Les médias deviennent des agences : ils vendent de plus en plus d'opérations spéciales et de contenus sponsorisés réalisés pour et avec les marques : habillages dédiés, cahiers spéciaux, etc. La publicité sort du cadre où elle était cantonnée et vient s'insérer dans la partie éditoriale. Ce n'est plus de la publicité, mais ce n'est plus non plus de l'éditorial...
Les régies et les agences d'achat d'espaces, elles, s'y perdent, coincées entre les plates-formes d'enchères et les éditeurs, qui se mettent à faire leur métier et à vendre directement des opérations aux annonceurs.
Alors, de mon point de vue, les agences qui survivront seront celles qui sauront accompagner les annonceurs dans leur transformation en médias. Elles seront alors productrices déléguées ou éditrices déléguées pour le compte de l'annonceur. On ne parle d'ailleurs déjà plus de " campagne ", opération limitée dans le temps et le plus souvent " one-shot ", mais de grille de programmes, de calendrier de publication, de récurrence, de série.
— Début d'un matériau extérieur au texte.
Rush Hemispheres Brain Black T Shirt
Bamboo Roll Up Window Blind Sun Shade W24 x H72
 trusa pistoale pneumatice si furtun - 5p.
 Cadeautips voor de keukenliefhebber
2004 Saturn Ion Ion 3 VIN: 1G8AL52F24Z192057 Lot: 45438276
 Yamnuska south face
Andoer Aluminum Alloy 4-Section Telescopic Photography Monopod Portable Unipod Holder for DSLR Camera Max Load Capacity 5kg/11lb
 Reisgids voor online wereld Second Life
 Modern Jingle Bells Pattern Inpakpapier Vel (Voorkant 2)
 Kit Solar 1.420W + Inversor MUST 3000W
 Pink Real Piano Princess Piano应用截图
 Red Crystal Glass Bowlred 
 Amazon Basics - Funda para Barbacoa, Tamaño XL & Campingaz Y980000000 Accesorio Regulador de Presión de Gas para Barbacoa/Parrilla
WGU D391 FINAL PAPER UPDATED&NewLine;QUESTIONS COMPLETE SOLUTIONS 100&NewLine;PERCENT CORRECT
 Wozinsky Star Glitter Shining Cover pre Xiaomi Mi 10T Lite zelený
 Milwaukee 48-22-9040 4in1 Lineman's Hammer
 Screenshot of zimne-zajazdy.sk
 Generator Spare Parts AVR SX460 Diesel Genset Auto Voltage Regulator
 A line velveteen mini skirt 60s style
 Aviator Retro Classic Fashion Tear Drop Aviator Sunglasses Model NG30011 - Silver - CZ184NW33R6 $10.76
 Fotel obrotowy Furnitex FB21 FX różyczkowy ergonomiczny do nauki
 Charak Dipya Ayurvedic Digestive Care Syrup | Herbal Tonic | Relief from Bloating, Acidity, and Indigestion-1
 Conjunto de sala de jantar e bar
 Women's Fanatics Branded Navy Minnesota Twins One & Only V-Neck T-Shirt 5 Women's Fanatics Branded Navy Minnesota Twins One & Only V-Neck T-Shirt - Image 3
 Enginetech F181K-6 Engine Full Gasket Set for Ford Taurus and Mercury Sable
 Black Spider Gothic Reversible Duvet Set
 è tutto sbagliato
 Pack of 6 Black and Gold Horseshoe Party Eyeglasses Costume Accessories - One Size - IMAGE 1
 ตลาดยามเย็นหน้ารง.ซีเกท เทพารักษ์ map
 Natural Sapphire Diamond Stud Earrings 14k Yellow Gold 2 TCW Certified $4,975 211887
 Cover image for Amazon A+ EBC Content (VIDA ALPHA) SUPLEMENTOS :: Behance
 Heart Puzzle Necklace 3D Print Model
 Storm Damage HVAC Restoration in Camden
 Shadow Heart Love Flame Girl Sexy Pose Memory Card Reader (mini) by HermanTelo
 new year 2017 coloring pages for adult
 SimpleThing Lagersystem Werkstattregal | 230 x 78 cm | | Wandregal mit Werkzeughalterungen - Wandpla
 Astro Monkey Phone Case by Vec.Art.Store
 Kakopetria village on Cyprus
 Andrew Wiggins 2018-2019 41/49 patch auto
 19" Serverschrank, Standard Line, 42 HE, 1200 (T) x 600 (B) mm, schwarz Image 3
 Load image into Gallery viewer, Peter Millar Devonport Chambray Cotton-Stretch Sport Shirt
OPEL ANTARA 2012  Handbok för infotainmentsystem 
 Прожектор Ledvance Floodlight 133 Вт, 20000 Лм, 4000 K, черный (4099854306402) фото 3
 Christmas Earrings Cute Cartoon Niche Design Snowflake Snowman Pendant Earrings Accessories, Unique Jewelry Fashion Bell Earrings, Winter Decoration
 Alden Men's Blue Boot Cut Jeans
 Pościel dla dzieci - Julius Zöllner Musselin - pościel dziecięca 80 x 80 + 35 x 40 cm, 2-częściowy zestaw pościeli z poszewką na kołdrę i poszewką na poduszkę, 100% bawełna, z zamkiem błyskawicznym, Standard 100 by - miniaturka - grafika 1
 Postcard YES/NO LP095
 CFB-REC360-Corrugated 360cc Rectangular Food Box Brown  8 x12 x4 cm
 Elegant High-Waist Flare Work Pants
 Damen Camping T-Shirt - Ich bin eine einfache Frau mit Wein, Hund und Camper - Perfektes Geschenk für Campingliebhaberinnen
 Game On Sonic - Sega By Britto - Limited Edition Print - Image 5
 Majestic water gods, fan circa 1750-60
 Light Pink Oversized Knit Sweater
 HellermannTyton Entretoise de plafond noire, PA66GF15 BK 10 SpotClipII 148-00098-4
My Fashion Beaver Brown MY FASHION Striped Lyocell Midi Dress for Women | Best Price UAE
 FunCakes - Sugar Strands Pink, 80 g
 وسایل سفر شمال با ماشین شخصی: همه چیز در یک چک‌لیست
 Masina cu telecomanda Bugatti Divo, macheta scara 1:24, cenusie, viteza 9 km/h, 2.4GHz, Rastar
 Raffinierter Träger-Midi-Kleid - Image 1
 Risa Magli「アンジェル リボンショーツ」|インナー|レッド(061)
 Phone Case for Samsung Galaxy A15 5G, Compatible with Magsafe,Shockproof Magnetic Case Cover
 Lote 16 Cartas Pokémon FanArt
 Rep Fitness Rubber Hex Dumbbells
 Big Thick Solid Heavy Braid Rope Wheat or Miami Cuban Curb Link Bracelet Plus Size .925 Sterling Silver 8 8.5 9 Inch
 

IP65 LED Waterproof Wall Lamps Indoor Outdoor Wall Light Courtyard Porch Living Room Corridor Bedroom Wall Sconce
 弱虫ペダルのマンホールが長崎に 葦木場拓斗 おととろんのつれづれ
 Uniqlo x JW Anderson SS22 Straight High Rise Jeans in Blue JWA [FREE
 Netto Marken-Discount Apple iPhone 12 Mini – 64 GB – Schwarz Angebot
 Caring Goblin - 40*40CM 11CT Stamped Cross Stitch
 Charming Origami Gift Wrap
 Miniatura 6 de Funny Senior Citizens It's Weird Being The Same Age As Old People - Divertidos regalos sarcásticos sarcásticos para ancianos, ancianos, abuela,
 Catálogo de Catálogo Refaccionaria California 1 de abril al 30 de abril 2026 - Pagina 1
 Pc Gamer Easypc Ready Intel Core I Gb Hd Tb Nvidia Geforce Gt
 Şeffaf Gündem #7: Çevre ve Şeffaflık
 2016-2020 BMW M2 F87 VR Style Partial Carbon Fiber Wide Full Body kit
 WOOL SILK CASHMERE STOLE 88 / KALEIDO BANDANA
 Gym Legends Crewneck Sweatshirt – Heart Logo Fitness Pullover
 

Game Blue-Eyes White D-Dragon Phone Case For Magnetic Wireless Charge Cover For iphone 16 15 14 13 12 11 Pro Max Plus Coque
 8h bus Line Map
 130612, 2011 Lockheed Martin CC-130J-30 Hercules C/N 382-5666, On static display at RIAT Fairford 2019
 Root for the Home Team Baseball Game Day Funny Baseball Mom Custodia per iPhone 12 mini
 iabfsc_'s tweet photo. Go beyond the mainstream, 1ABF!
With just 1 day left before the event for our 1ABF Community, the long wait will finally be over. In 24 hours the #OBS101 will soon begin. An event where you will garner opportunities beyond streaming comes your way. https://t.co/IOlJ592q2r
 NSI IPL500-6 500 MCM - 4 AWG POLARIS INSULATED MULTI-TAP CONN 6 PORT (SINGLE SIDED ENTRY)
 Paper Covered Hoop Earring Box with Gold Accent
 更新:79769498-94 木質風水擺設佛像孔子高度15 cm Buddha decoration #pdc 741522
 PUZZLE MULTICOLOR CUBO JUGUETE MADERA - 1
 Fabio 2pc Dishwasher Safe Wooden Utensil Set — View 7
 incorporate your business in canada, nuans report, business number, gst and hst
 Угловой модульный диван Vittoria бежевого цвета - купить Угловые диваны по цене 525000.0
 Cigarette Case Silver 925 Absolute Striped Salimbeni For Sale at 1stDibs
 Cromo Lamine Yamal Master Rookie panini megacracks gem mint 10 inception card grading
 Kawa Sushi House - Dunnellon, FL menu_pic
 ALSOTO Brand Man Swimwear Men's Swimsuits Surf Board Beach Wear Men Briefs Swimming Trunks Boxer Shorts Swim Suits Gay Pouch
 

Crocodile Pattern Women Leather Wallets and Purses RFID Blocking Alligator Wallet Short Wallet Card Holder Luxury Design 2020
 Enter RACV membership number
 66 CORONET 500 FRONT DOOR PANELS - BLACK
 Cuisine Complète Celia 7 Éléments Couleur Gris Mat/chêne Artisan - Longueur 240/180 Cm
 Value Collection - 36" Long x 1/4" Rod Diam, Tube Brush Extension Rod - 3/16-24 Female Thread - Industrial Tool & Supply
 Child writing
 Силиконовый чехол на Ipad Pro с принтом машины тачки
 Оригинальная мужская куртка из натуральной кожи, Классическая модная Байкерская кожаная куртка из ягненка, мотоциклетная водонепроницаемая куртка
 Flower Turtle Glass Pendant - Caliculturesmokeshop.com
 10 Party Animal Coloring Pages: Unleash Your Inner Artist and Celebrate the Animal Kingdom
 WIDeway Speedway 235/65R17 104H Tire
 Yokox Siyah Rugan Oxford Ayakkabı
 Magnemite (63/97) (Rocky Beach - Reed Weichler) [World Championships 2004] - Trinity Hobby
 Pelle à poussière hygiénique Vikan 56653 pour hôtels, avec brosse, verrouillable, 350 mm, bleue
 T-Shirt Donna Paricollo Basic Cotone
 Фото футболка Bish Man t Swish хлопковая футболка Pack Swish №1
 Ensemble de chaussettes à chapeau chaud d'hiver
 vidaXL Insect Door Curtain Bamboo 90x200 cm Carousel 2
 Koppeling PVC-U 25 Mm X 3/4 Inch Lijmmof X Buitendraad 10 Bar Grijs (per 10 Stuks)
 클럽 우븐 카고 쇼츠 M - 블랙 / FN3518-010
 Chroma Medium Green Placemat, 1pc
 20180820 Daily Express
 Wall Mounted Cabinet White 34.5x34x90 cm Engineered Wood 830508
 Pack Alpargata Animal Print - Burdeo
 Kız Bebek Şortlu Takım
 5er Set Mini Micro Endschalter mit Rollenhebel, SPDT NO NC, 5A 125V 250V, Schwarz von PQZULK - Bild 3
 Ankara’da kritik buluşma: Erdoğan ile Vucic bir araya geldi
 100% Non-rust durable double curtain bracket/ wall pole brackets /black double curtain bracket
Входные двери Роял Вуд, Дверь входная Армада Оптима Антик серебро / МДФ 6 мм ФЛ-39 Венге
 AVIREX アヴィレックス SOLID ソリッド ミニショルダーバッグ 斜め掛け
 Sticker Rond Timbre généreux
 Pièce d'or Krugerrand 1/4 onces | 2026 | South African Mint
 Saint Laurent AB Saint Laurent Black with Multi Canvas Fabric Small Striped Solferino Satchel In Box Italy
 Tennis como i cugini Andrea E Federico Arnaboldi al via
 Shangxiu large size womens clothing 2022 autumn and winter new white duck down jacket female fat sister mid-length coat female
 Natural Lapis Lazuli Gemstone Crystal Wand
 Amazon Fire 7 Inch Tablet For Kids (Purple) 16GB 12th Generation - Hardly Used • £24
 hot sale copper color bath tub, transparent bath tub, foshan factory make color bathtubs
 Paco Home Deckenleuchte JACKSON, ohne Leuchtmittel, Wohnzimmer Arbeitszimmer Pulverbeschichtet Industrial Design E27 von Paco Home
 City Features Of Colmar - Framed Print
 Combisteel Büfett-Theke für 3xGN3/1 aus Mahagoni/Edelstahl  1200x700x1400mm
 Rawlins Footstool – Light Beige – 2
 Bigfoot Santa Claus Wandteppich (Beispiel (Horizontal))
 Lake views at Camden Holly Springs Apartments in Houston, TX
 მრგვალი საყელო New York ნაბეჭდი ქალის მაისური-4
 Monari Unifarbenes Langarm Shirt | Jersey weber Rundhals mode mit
Ainsi, si cette fusion entre Omnicom et Publicis peut encore renforcer ces 2 géants dans l'achat d'espace, elle ne prépare pas le futur...
Pour ma part, je crois que plutôt d'user la corde des modèles de concentration capitalistique, il est temps d'imaginer des nouvelles organisations plus souples où les talents peuvent s'exprimer et où ils ne sont pas étouffés dans des logiques de reporting intragroupe.
Il est temps d'imaginer des nouvelles agences, elles même marque média, capable de réunir les meilleurs experts dans leur métier, de leur donner les moyens de s'exprimer en les associant majoritairement et non plus minoritairement. C'est ce que nous essayons de faire à notre toute petite échelle au sein d'1min30.